The cases of Martin and Alawadi have been linked increasingly on social media, including the popular Twitter hashtag #hoodiesandhijabs. Hashtags #RIPTrayvonMartin and #RIPShaima are showing up together in hundreds of messages such as “hoodie or hijab — this must stop.” The Facebook page “One Million Hijabs for Shaima Alawadi” surpassed 10,000 “likes” on April 2.

At the vigil in El Cajon, Alawadi’s 15-year-old son Muhammed stated as he wept, “My condolences go out to the family of Trayvon. My candle goes out to you as well.” (Reuters, March 29)

Since the attacks in 2001 on the World Trade Center, the U.S. ruling class of capitalists and bankers has blamed “terrorism” on oppressed peoples around the world, particularly in Arab and Muslim countries. This charge was used to justify the long, bloody U.S.-led wars and occupations in Afghanistan and Iraq. Some 5 million Iraqis — 18 percent to 20 percent of Iraq’s entire population — became refugees, with 2 million dispersed around the world and 3 million internally displaced. The FBI has infiltrated mosques and organizations and framed up hundreds of innocent Muslims in the U.S. on false and manufactured charges.

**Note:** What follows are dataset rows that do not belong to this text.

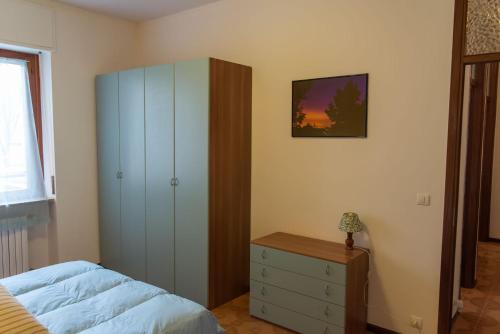亚历山德里亚Luminoso bilocale的一间卧室配有床、梳妆台和橱柜。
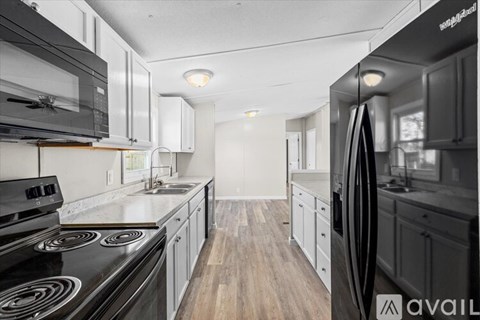A modern kitchen with a black stove top oven and a black refrigerator.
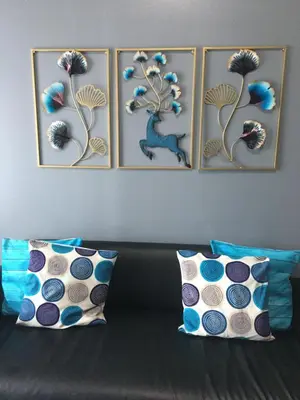 four pictures on a wall above a couch with pillows at Simple & Cozy 1 Bedroom US Embassy, Roxas Blvd, Ermita, Manila in Manila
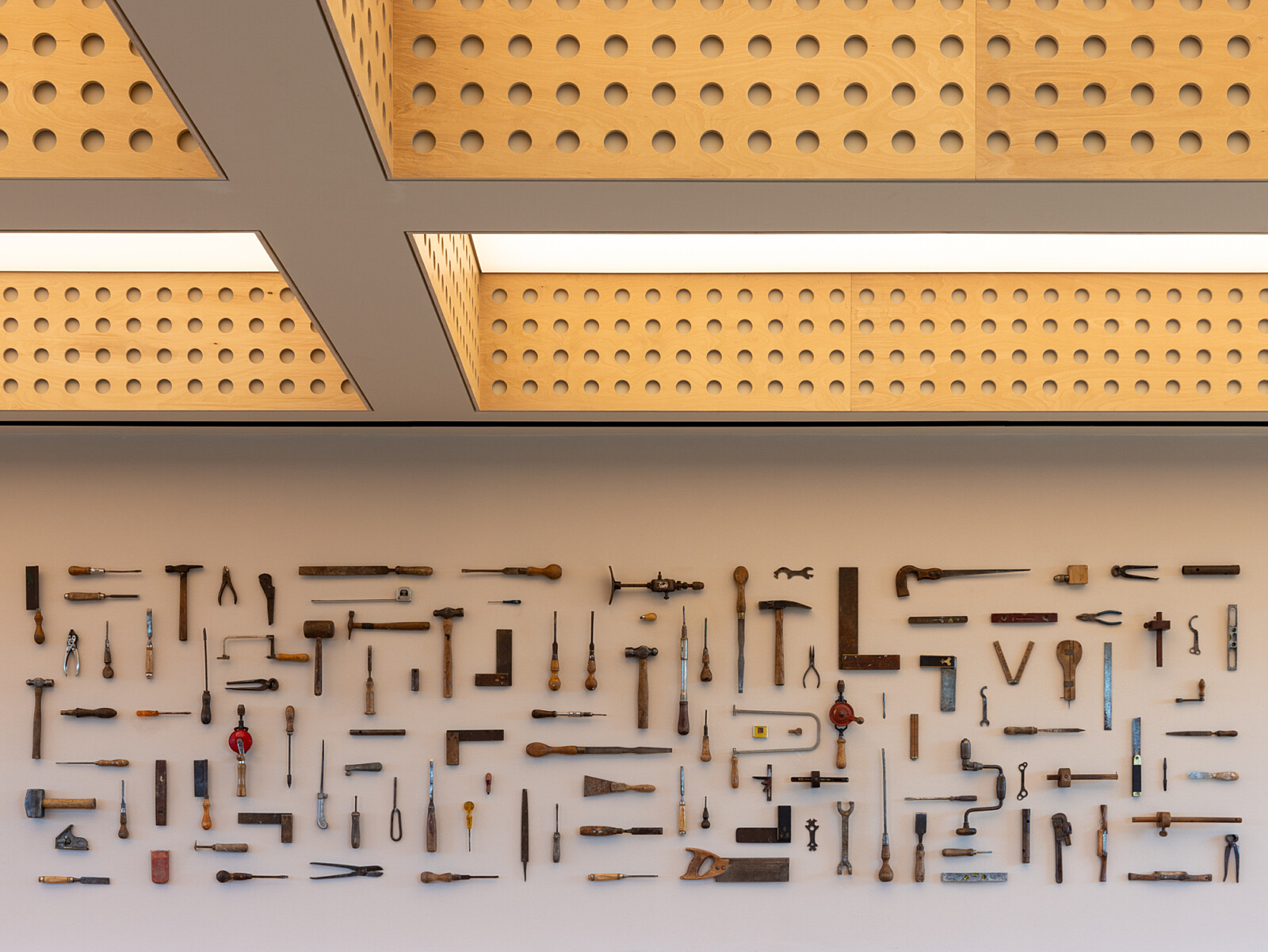 Wall art made from recycled construction tools at TMT group HQ workspace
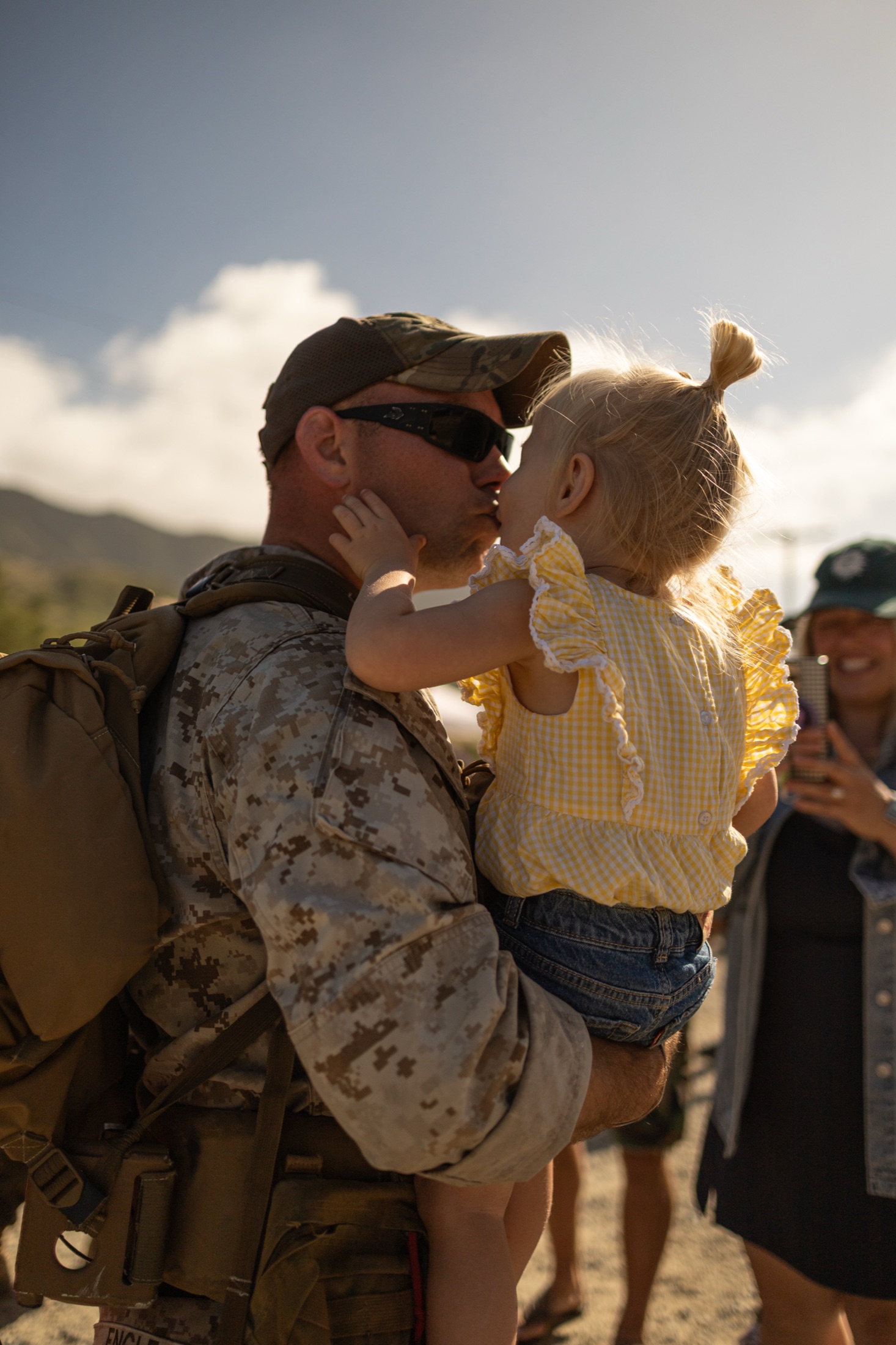 Marine greeting a child during a homecoming moment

It is within the context of imperialist wars and occupations, racism and national oppression, chauvinism and religious bigotry — all of it cultivated and promoted by the capitalist ruling class, or the 1%, as those in the Occupy Wall Street movement refer to them — that the killings of both Martin and Alawadi must be placed. A growing people’s movement against racism will help unite the 99% to fight back against the capitalist system that is the root of all racism, oppression and exploitation.

Justice for Shaima Alawadi! Justice for Trayvon Martin!